Il est vrai que, avec ses 6 414 kilomètres, la frontière entre le Canada et les États-Unis, qui n’est pas facile à surveiller, peu peuplée et couverte d’épaisses et majestueuses forêts, constituait le terrain de jeu parfait pour tous les trafiquants. Jugez le Québec, qui bénéficie d’un accès facile au Maine, au New Hampshire, à New York et au Vermont. Cette proximité était trop tentante pour ceux qui souhaitaient faire passer des marchandises légales ou illégales de manière discrète, sans avoir à craindre les autorités douanières et policières des deux pays.
Parmi tous ces personnages frontaliers, plus ou moins douteux, il y en a certains qui se sont fait une place dans le panthéon des contrebandiers légendaires. C’est le cas de Conrad Labelle, Alfred Lévesque, Paul Frenchie Lafrenais, Olévine la Beauceronne et Lilian Miner. Lilian Miner, une Vermontoise connue à Boston sous le surnom de The Madam, est la propriétaire du Palace of Sin, une maison close située à la frontière entre l’Estrie et le Vermont.
C’est l’incroyable récit d’une femme audacieuse et imposante qui décide de prendre son destin en main dans une société hypocrite dominée par les hommes, racontée par l’historien Laurent Busseau et le dessinateur Stéphane Lemardelé dans Queen Lil & les femmes de la prohibition, une bande dessinée captivante qui rend hommage à cette Queen Lil et à cette époque fascinante qui a marqué ma jeunesse. La faute à qui ? À la série télé Les incorruptibles avec Robert Stark,
aux bédés de Sammy signées Berck et Cauvin et à la chanson de Petula Clark.

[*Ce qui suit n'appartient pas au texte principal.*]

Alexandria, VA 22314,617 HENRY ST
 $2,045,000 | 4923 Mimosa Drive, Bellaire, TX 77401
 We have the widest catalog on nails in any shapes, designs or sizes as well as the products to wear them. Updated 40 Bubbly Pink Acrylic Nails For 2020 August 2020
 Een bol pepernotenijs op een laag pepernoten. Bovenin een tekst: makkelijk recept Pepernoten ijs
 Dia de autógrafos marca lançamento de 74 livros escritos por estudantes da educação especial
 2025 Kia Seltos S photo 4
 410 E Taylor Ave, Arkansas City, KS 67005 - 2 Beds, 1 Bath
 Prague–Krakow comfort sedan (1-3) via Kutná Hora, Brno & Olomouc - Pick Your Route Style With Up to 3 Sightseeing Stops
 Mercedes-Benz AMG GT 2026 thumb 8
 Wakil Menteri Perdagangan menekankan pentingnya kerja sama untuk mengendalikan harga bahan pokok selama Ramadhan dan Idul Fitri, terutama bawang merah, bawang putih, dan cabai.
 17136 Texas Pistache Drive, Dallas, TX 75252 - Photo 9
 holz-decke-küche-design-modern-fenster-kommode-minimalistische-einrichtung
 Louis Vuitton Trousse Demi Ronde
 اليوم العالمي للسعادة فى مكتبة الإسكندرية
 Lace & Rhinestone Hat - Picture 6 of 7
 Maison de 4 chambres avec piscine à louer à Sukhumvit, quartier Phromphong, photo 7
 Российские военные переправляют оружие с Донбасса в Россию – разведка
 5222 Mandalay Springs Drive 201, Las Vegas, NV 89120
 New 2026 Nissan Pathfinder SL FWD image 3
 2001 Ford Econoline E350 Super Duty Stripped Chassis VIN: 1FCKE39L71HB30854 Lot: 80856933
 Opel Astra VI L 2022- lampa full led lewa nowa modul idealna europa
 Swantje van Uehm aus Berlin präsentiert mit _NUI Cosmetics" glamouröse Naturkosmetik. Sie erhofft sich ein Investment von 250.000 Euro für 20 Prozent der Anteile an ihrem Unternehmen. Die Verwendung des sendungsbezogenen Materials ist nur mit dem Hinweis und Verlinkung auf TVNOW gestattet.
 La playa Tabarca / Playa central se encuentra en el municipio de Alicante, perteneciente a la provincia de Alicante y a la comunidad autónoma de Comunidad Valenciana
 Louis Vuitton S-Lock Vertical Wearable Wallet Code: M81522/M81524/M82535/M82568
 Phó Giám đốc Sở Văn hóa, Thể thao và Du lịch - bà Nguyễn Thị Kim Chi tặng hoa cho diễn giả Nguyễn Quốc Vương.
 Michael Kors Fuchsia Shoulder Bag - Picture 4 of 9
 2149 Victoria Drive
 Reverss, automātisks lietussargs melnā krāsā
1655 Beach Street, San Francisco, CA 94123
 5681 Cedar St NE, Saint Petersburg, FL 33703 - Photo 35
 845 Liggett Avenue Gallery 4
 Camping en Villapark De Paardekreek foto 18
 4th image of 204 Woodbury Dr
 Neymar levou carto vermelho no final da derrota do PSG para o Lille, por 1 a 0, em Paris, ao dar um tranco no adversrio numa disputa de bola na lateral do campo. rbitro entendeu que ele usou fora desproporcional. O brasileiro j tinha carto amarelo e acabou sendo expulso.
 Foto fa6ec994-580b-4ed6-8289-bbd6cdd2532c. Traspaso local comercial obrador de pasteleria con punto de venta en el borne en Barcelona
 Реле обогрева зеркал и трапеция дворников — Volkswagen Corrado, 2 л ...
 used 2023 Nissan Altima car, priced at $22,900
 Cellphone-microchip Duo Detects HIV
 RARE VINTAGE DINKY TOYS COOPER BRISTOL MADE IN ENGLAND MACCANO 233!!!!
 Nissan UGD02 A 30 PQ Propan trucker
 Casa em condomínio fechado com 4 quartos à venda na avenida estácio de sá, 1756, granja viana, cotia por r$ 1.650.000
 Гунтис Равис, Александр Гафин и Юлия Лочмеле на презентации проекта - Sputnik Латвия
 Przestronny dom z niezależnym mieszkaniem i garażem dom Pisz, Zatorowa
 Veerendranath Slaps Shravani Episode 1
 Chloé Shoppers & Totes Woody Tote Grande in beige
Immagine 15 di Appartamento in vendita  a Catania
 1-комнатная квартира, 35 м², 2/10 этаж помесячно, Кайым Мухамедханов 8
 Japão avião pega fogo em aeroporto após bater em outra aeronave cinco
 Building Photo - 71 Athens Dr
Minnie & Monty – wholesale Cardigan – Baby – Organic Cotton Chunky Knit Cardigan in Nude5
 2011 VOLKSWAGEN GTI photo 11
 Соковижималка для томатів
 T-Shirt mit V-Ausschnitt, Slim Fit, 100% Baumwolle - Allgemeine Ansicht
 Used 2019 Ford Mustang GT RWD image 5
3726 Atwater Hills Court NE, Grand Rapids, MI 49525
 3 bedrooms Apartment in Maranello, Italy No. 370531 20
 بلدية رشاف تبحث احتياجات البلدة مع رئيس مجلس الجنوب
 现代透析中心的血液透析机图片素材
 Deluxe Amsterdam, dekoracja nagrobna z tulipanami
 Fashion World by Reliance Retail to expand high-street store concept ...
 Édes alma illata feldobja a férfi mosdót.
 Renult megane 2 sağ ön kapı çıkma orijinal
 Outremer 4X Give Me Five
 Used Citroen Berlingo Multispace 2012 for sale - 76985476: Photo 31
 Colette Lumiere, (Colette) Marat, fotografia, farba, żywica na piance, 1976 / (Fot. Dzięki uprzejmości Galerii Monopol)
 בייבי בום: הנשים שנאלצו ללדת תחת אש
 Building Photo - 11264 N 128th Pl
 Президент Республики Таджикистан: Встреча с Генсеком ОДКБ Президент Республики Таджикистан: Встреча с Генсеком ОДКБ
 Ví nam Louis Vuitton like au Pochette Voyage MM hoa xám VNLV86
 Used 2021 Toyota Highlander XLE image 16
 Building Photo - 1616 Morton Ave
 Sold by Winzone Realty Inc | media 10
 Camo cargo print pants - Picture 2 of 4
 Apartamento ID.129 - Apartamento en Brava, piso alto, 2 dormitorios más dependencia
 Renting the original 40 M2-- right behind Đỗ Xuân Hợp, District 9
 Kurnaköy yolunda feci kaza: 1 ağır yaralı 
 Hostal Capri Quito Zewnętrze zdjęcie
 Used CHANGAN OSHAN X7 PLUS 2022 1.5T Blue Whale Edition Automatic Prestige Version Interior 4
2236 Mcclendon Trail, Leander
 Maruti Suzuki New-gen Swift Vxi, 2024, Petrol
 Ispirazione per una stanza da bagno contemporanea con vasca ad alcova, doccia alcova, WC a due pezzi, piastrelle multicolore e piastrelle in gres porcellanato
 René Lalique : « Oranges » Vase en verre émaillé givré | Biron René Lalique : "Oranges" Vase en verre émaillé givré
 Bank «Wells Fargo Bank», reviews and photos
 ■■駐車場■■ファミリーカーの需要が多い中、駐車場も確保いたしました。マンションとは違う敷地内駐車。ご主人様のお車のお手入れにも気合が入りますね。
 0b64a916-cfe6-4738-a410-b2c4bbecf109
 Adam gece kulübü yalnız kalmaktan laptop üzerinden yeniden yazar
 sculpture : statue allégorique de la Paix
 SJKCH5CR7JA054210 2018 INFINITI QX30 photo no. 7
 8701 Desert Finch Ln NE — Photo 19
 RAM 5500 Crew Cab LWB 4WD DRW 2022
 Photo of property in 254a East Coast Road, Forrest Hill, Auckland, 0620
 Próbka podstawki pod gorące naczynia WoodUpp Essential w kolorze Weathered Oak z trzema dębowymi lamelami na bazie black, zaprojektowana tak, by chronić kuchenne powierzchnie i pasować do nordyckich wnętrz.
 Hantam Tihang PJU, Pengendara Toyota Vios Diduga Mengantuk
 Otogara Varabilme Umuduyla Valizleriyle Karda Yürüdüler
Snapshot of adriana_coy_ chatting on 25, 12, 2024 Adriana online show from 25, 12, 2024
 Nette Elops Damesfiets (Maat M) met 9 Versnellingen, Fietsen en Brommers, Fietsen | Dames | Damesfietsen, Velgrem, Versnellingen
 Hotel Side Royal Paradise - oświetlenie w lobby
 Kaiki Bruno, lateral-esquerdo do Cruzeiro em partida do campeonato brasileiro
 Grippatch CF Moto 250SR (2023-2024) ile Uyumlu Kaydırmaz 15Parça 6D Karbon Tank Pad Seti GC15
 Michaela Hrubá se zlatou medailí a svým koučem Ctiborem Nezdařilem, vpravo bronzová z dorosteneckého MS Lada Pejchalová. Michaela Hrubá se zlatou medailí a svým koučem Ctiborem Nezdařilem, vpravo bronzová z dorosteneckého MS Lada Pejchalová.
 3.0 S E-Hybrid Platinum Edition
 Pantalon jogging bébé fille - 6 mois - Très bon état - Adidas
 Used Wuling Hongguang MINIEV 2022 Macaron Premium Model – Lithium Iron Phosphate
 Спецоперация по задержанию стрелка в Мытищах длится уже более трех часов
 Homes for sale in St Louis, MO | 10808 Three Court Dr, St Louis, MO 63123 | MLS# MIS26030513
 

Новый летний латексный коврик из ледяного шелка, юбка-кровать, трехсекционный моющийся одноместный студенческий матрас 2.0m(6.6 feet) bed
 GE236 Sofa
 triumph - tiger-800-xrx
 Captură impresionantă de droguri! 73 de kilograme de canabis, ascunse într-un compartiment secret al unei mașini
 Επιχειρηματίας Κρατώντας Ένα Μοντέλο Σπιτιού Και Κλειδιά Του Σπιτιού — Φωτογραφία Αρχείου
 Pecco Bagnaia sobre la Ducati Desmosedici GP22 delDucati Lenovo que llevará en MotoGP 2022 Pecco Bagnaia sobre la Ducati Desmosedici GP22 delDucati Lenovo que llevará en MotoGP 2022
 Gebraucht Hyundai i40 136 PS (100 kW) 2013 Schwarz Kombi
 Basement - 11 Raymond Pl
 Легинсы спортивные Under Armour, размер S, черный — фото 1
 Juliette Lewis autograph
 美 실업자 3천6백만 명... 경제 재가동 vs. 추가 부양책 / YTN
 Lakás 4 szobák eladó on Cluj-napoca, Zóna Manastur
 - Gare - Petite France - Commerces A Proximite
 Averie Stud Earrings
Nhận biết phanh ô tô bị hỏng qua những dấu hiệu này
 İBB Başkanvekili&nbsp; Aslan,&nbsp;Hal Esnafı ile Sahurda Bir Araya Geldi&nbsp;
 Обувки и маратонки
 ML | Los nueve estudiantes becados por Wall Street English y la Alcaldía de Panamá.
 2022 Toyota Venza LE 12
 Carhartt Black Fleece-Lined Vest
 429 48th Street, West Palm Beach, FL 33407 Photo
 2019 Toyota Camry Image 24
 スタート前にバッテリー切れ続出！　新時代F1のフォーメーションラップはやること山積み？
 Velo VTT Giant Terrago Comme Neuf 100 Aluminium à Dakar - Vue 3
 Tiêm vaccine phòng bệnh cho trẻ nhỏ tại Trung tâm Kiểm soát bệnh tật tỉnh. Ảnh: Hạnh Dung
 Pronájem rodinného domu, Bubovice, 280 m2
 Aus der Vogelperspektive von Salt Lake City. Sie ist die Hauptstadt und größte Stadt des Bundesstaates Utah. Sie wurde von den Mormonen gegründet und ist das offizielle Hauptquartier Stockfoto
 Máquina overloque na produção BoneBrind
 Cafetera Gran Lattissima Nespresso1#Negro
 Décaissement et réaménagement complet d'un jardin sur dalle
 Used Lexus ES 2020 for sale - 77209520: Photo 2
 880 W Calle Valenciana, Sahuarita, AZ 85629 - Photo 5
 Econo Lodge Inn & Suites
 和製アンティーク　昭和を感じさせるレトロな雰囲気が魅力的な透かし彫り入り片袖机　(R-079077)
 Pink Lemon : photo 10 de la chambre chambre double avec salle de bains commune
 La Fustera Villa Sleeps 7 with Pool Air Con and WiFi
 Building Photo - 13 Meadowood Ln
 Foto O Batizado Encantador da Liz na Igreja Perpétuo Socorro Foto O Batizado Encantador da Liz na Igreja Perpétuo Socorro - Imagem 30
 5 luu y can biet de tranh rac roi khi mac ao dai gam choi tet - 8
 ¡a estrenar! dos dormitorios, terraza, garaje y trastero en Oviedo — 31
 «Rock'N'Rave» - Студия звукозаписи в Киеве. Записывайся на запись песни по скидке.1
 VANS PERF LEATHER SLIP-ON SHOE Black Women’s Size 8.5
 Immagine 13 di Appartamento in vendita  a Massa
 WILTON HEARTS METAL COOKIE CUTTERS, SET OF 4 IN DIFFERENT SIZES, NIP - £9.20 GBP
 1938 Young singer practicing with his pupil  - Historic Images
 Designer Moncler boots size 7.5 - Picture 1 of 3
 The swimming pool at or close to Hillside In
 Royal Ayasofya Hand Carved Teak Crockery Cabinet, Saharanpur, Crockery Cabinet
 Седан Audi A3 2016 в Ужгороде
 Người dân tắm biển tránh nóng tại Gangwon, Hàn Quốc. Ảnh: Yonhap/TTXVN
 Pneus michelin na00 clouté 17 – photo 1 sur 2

Stéphane Lemardelé et Laurent Busseau illustrent avec verve et enthousiasme cette période qui correspond bien à cette femme hors du commun, intelligente, convaincante et prévoyante. Fine négociatrice, Lilian Miner savait manœuvrer entre la légalité et l’illégalité, entre gangster et policiers, sans ne jamais se faire coincer, ou si peu. Avisée, Madam a su se retirer à temps, avec son petit pactole qu’elle a su, tout au long des années d’activités de son Palais du péché (1911-1930), faire fructifier.
Véritable héros des romans-feuilletons, des films noirs et des séries policières, Queen Lil était prédestinée à entrer dans la mythologie urbaine, à être l’objet de récits captivants transmis de génération en génération. Elle aurait pu le devenir, n’eut été notre tendance à oublier notre histoire populaire.
Mais Queen Lil & les femmes de la prohibition c’est plus que ça. C’est aussi une incursion dans les glorieuses années de la contrebande frontalière. Un saisissant polaroid de cette épopée criminelle populaire occultée. Une histoire populaire réduite, au mieux, à une curiosité folklorique locale pour touristes, amateurs d’histoires criminelles, et au pire, passé sous silence, ou oublié, par l’histoire officielle.
Il est possible que, de temps en temps, le duo s’autorise des écarts imaginaires, mais réalistes, comme cette association entre Lilian Miner et le trafiquant milliardaire, excentrique et impulsif, Conrad Labelle. Cependant, ces dérives confèrent une touche de vérité et d’humanité à la ligne frontière, au trafic illicite et à un Québec bien différent de celui décrit dans le temps d’une paix.
Grâce à une narration graphique et scénaristique ingénieuse et musicale, le duo nous offre un aperçu captivant de notre histoire populaire. Un petit morceau qui nous donne envie de parcourir cette séduisante Estrie contrebandière, qui mérite d’occuper une place plus importante dans notre mémoire collective.
Parce qu’à leur façon, ces personnages ont aussi façonné le Québec, lui ont donné sa spécificité et ont étanché la soif insatiable de millions américains qui en avaient bien besoin.
Tiens, il faudrait peut-être le rappeler à un Président américain qui semble, ces jours-ci, oublier l’importance de la relation entre les deux voisins.
Stéphane Lemardelé, Laurent Busseau, Queen Lil & les femmes de la prohibition, La boîte à bulles.